*ASSIGNMENT*
Starting at the line below that contains "Gamberoni Fra Diavolo", print each line through the end of the records exactly as it appears.

(Records excerpted from a collection)
* * *

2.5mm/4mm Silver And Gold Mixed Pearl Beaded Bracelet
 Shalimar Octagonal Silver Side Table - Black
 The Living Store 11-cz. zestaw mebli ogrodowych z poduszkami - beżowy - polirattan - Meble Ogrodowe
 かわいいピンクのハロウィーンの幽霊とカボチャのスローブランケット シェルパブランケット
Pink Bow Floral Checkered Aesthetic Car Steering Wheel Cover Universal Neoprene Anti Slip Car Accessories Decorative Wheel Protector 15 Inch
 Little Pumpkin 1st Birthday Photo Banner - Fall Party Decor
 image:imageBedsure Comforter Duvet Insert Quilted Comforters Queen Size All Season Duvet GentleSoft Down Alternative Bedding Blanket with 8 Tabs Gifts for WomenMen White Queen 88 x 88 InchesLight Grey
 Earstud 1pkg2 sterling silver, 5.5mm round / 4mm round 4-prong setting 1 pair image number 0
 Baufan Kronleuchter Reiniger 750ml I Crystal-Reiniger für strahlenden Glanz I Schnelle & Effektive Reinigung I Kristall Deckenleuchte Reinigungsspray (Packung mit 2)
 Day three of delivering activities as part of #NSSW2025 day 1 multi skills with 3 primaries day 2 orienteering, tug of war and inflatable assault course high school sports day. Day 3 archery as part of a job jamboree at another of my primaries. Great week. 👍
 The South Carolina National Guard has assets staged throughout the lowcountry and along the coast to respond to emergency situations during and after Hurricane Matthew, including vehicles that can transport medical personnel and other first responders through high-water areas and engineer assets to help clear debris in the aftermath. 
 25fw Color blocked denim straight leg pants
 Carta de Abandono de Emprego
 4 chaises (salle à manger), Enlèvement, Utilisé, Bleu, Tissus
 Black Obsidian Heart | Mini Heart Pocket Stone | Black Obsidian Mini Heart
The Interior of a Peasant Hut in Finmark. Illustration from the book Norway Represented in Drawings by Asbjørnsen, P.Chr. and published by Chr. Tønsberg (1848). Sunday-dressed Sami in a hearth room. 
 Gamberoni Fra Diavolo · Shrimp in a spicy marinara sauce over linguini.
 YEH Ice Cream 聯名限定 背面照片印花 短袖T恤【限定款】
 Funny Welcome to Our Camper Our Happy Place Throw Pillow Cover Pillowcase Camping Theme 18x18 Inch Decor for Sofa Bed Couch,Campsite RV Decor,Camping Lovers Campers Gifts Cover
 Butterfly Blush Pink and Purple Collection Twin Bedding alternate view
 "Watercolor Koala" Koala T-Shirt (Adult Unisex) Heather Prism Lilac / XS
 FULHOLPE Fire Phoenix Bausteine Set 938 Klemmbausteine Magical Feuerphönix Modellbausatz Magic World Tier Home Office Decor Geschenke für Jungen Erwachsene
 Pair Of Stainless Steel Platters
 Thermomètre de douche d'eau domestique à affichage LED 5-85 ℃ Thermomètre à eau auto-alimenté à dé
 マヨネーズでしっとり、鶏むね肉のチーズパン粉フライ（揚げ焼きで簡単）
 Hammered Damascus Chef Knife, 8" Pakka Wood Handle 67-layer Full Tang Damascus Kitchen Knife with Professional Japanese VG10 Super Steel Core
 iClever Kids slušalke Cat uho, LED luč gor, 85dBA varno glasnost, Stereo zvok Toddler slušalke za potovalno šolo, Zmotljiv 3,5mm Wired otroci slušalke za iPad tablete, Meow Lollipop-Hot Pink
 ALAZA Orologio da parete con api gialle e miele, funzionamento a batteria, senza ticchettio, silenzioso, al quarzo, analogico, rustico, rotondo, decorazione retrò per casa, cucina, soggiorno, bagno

* * *

*SOLUTION TO THIS EXERCISE*
 Gamberoni Fra Diavolo · Shrimp in a spicy marinara sauce over linguini.
 YEH Ice Cream 聯名限定 背面照片印花 短袖T恤【限定款】
 Funny Welcome to Our Camper Our Happy Place Throw Pillow Cover Pillowcase Camping Theme 18x18 Inch Decor for Sofa Bed Couch,Campsite RV Decor,Camping Lovers Campers Gifts Cover
 Butterfly Blush Pink and Purple Collection Twin Bedding alternate view
 "Watercolor Koala" Koala T-Shirt (Adult Unisex) Heather Prism Lilac / XS
 FULHOLPE Fire Phoenix Bausteine Set 938 Klemmbausteine Magical Feuerphönix Modellbausatz Magic World Tier Home Office Decor Geschenke für Jungen Erwachsene
 Pair Of Stainless Steel Platters
 Thermomètre de douche d'eau domestique à affichage LED 5-85 ℃ Thermomètre à eau auto-alimenté à dé
 マヨネーズでしっとり、鶏むね肉のチーズパン粉フライ（揚げ焼きで簡単）
 Hammered Damascus Chef Knife, 8" Pakka Wood Handle 67-layer Full Tang Damascus Kitchen Knife with Professional Japanese VG10 Super Steel Core
 iClever Kids slušalke Cat uho, LED luč gor, 85dBA varno glasnost, Stereo zvok Toddler slušalke za potovalno šolo, Zmotljiv 3,5mm Wired otroci slušalke za iPad tablete, Meow Lollipop-Hot Pink
 ALAZA Orologio da parete con api gialle e miele, funzionamento a batteria, senza ticchettio, silenzioso, al quarzo, analogico, rustico, rotondo, decorazione retrò per casa, cucina, soggiorno, bagno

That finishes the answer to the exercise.